La Süddeutsche Zeitung relève que dans l'émoi suscité actuellement par cette affaire de jeunes filles enlevées, on en vient à oublier que le théâtre du drame se situe dans un pays riche. Le gouvernement nigérian a lui même proclamé peu de temps avant l'enlèvement des lycéennes que le pays était devenu la première économie du continent, et avait même dépassé l'Afrique du Sud. Mais souligne le journal, tant que la richesses pétrolière du Nigeria n'arrivera pas dans le nord-est du pays, il ne faudra pas s'étonner que des bandes de tueurs comme Boko Haram, avec leurs messages d'une grotesque simplicité, recrutent des adeptes et fassent régner la terreur.

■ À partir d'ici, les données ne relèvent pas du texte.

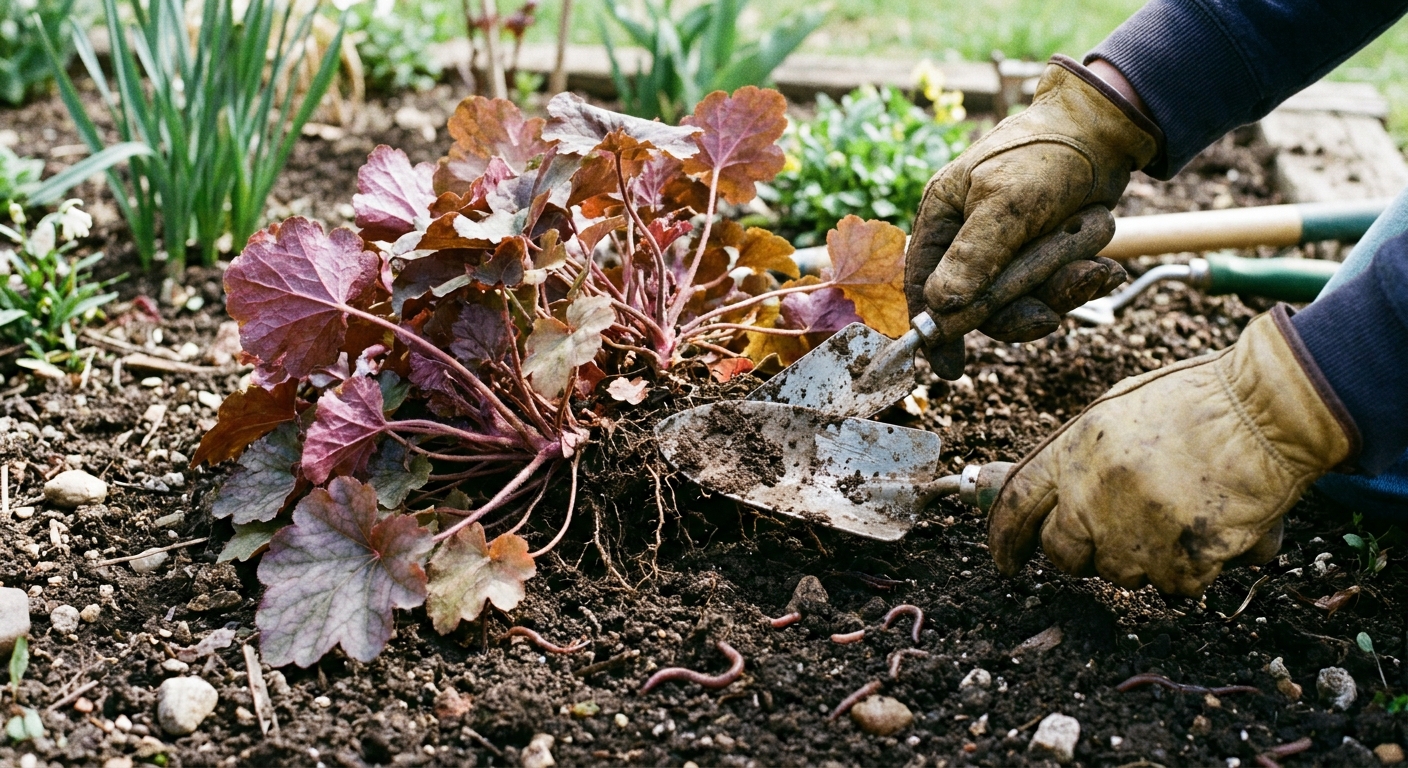 A real photograph of hands in gardening gloves dividing a coral bells clump with a small hand trowel in springtime soil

Crise économique en Afrique du Sud
L'Afrique du sud dépassée par le Nigeria en termes économiques - c'est vrai si l'on compare les produits intérieurs bruts et d'après les chiffres de la Banque mondiale. La manne pétrolière du Nigeria y est pour beaucoup. Mais il est vrai aussi que l'économie sud-africaine est en train de fléchir. La presse se fait l'écho de cette évolution.La Frankfurter Allgemeine Zeitung brosse effectivement un tableau assez sombre de l'économie sud-africaine: officiellement le taux de chômage est de 25%, officieusement 40%. Le gouvernement fait face à un mécontentement grandissant par des programmes sociaux à répétition qui font que l'endettement de l'Etat atteint maintenant 44% du PIB. La crise économique mondiale, note le journal, a gravement pénalisé les exportations. Mais d'autres raisons sont d'ordre intérieur: entre autres les grèves sauvages dans le secteur minier ou la faillite du système scolaire public qui met sur le marché des jeunes non qualifiés, et donc sans espoir de trouver un emploi. Que peut faire Jacob Zuma? demande le journal. L'arme miracle se nomme "Plan national de développement". Il a été élaboré par l'ancien ministre des finances Trevor Manuel et le vice-président de l'ANC Cyril Ramaphosa. Il prévoit 11 millions d'emplois nouveaux dans les vingt prochaines années, grâce entre autres à des investissements massifs dans les infrastructures, des allègements fiscaux pour les entreprises et un assouplissement de la très rigide législation du travail. Ce plan, souligne le journal, est tellement libéral qu'il pourrait sortir tout droit de la plume de l'Alliance démocratique, le principal parti d'opposition. Or Zuma ne peut ignorer ni les syndicats ni l'aile gauche de l'ANC. Il y a donc fort à parier, estime le journal, qu'il préfèrera continuer comme jusqu'à présent.